The figure depicts the central role of SIRT1 as a regulatory molecule in various neurological disorders, namely Alzheimer’s disease, Parkinson’s disease, Huntington’s disease, and Wallerian degeneration, as discussed in the review. SIRT 1 regulates the expression of associated proteins and enzymes via inhibition or promotion mechanism. SIRT1 is also known to affect neurophysiological mechanisms by regulating the enzyme action. The positive and negative signs indicate SIRT1 mediated promoter and inhibitor activities, respectively. (A higher resolution / colour version of this figure is available in the electronic copy of the article).

Fig. (5)

Epilepsy is characterized by increased oxidative stress in the brain. Increased concentration of ROS hampers the energy balance in the brain and thereby leads to mitochondrial dysfunctioning. SIRT1 mediated regulation of PARP1 through NAD⁺ ensures smooth mitochondrial functioning. SIRT1 promotes detoxification of ROS through detoxifying enzymes that are activated due to the activation of PGC-1α. ROS detoxification is also enhanced due to SIRT1 mediated activation of Forkhead box class O. Reduced ROS concentration promotes intact mitochondrial integrity. Activation of PGC-1α also augments mitochondrial biogenesis, which is vital for cellular survival. (A higher resolution / colour version of this figure is available in the electronic copy of the article).

Fig. (6)

SIRT1 is a promoter of axonal health. Remyelination inhibits axonal damage and thereby enhances neuronal survival. SIRT1 mediated inhibition of Mash1 and activation of BDNF increases neuronal lifespan and thereby significantly improves coherence in the neuronal circuit. This plays an important role in various vital brain functions.

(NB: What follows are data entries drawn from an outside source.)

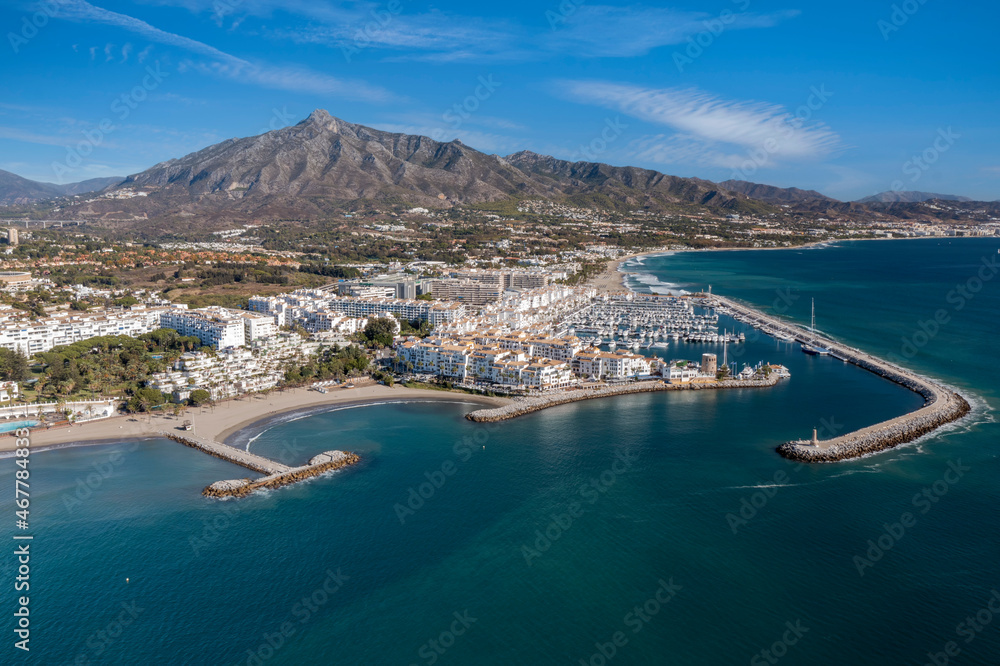 vista aérea de puerto Banús en un día azul, Marbella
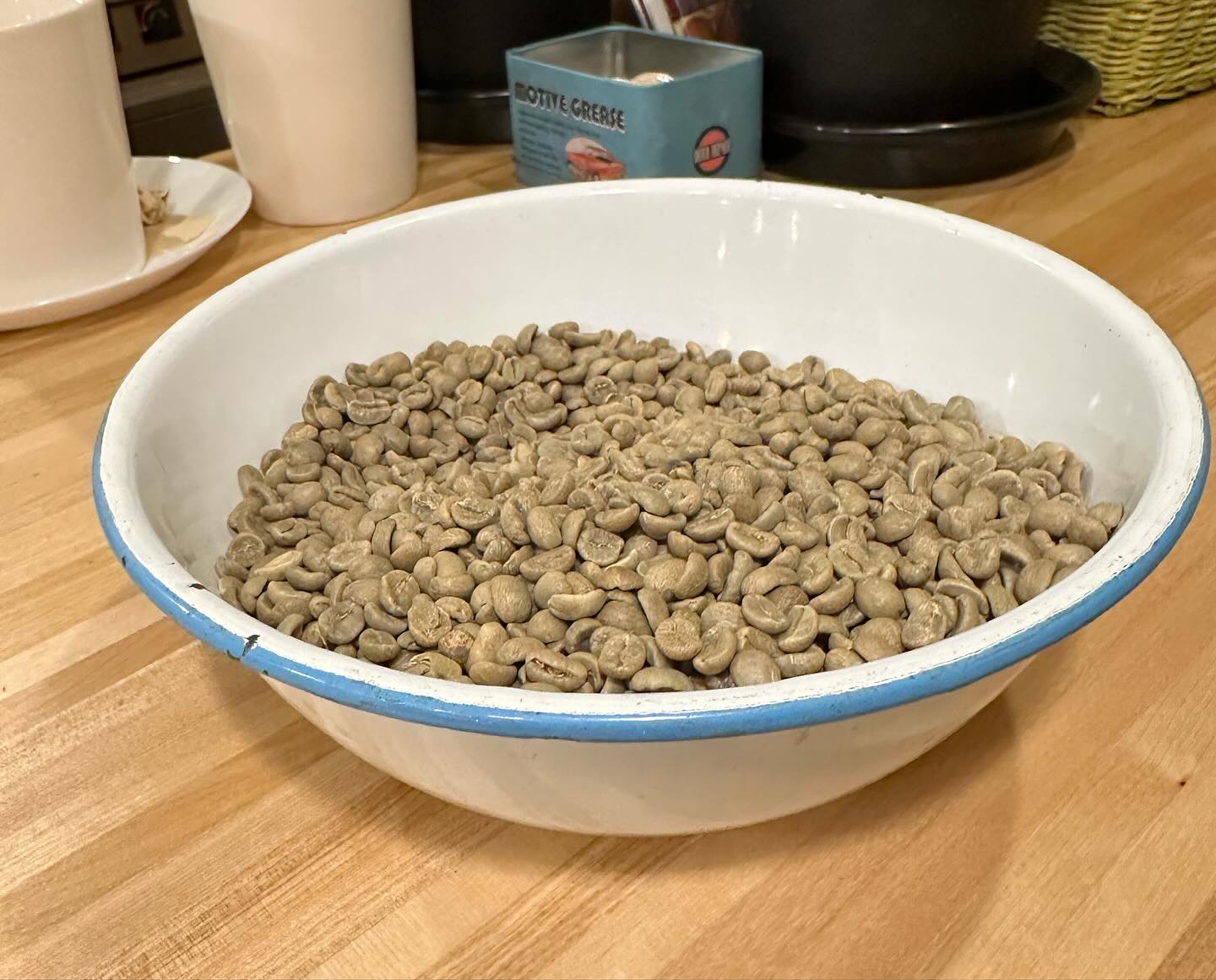 #worldcoffeetour still alive with a late night hakuba edition, amazing little coffee roaster.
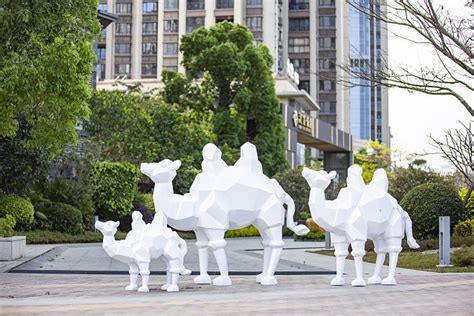 玻璃钢几何骆驼雕塑仙人掌小区园林景观品摆件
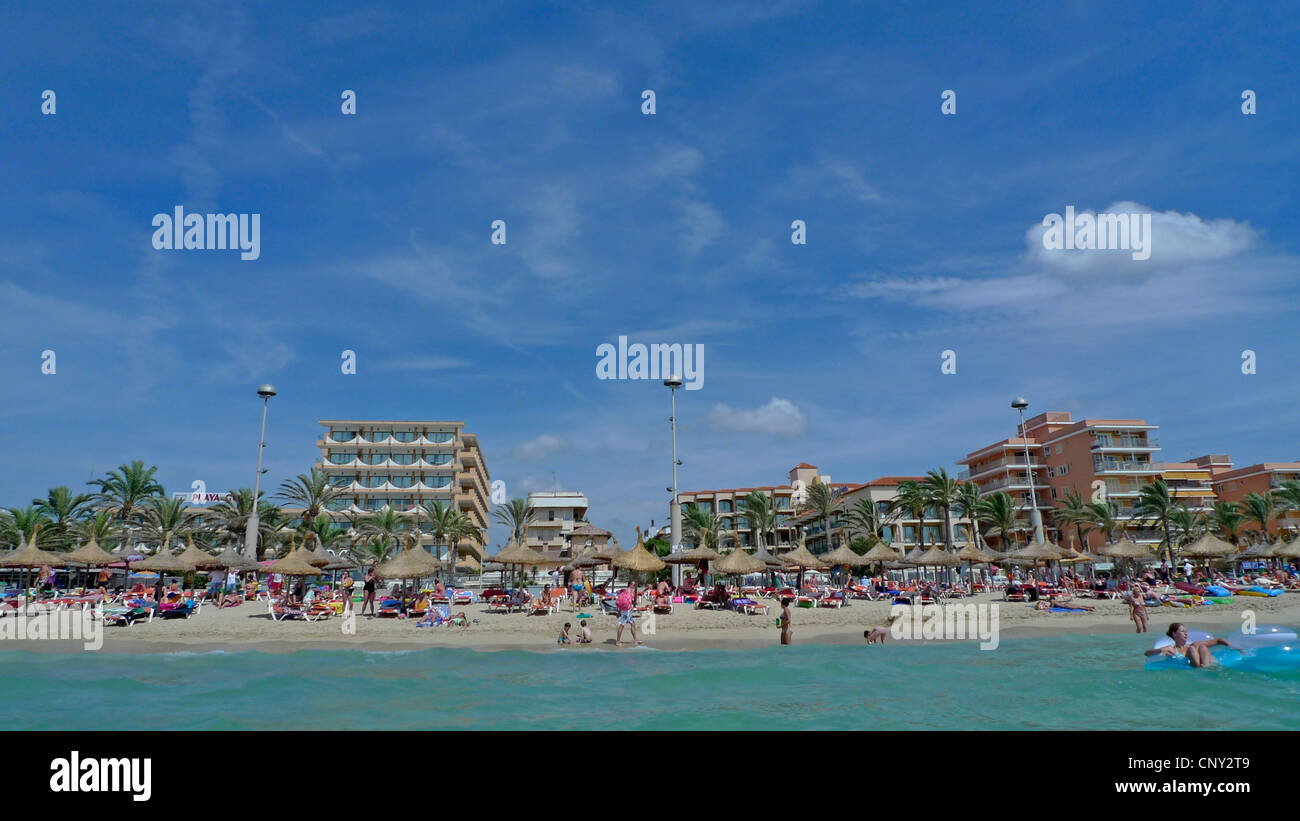 Vista dall'acqua ad una affollata spiaggia balneare, Spagna, Balearen, Mallorca, Palma Foto Stock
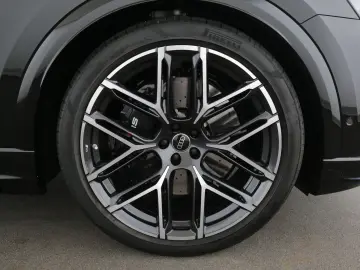 Audi RS Q8 SUV 4.0 TFSI tiptronic quattro audi e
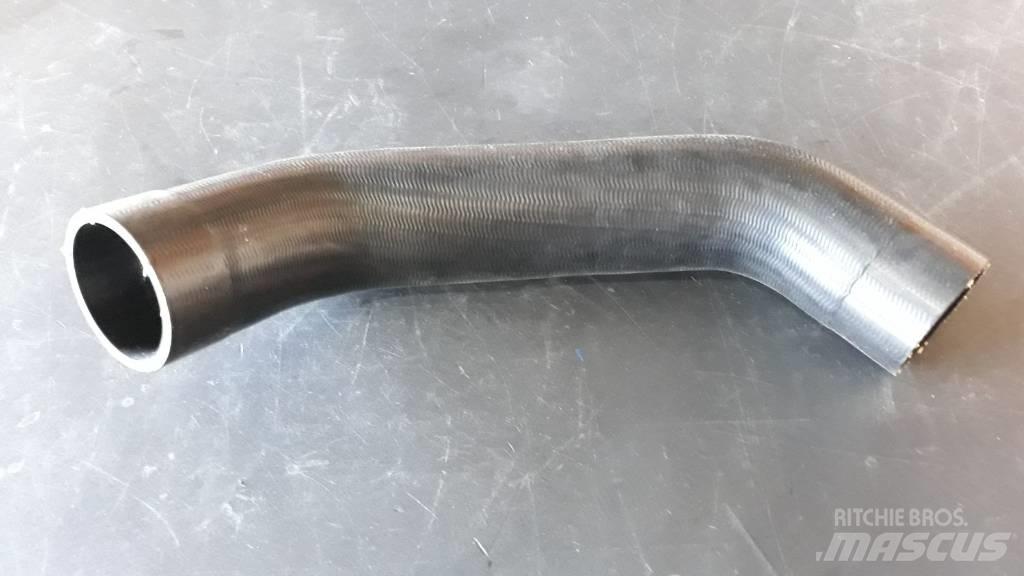 Volvo HOSE  21133832 Moteur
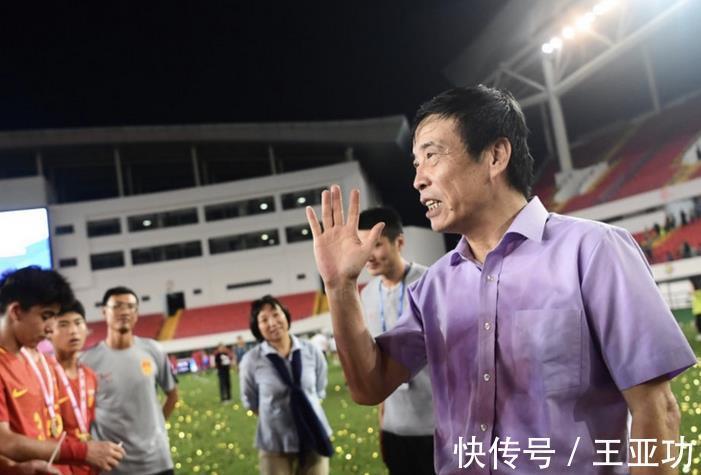 足协|李铁或面临下课!被足协主席陈戌源约谈,水庆霞或成最大助攻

Increased cellular survival and enhanced intercellular communication owing to diminished neuronal apoptosis signifies ameliorating functions of SIRT1 against neurodegeneration driven fatal molecular and biochemical alterations.

Fig. (7)

ALS is characterized by motor neuron dysfunctioning leading to hampered voluntary movement. The SOD1 protein mutations result into the accumulation of toxic protein aggregates, thereby inducing significant neurotoxicity. ALS pathology also involves downregulation of AMPK pathway that promotes neuroinflammation and subsequent motor neuron dysfunctioning. Upregulation of AMPK pathway through SIRT1 activation not only lowers the inflammatory response but also enhances mitochondrial biogenesis. Reduced toxic protein aggregates and increased energy balance in the neuronal circuit dilute the adverse effects of neurotoxic stimuli and therefore imparts significant protection against motor neuron damage.

Fig. (8)

Ischemic stroke is characterized by restricted cerebral blood flow (CBF) that leads to deficiency of oxygen and energy in the cerebral tissues. Neuronal damage following restricted CBF is augmented by enhanced neuroinflammation and oxidative stress load. SIRT1 regulates various pathways that are responsible for attenuating responses aggravating the ischemic insult. SIRT1 upregulation checks p53 and PARP1 activity and diminishes NF-kB signaling, thereby negatively regulating the pro-inflammatory environment. The deacetylation of eNOS by SIRT1 inhibits the restriction of CBF and thus prevents neuronal damage in cerebral tissues due to oxygen and energy deficiency. SIRT1 maintains the energy balance in the cellular environment also through the regulation of free radical concentration. SIRT1 mediated enhancement of BDNF and PGC-1α expression and inhibition of UCP2 activity augments mitochondrial biogenesis and thereby reduces oxidative stress load. Such protective effects of SIRT1 make it an effective therapeutic target in ischemic stroke management.